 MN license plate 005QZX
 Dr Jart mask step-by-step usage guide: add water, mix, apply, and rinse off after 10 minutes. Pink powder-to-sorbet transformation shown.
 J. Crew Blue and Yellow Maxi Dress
* * *
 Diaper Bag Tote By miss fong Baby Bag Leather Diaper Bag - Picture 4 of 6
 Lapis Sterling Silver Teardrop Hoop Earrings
* * *
- TASK BRIEF
Using the data above, extract exactly the lines from the one that holds "MN license plate 005QZX" to the one that holds "J. Crew Blue and Yellow Maxi Dress", both ends included, and no others.

- EXPECTED ANSWER
 MN license plate 005QZX
 Dr Jart mask step-by-step usage guide: add water, mix, apply, and rinse off after 10 minutes. Pink powder-to-sorbet transformation shown.
 J. Crew Blue and Yellow Maxi Dress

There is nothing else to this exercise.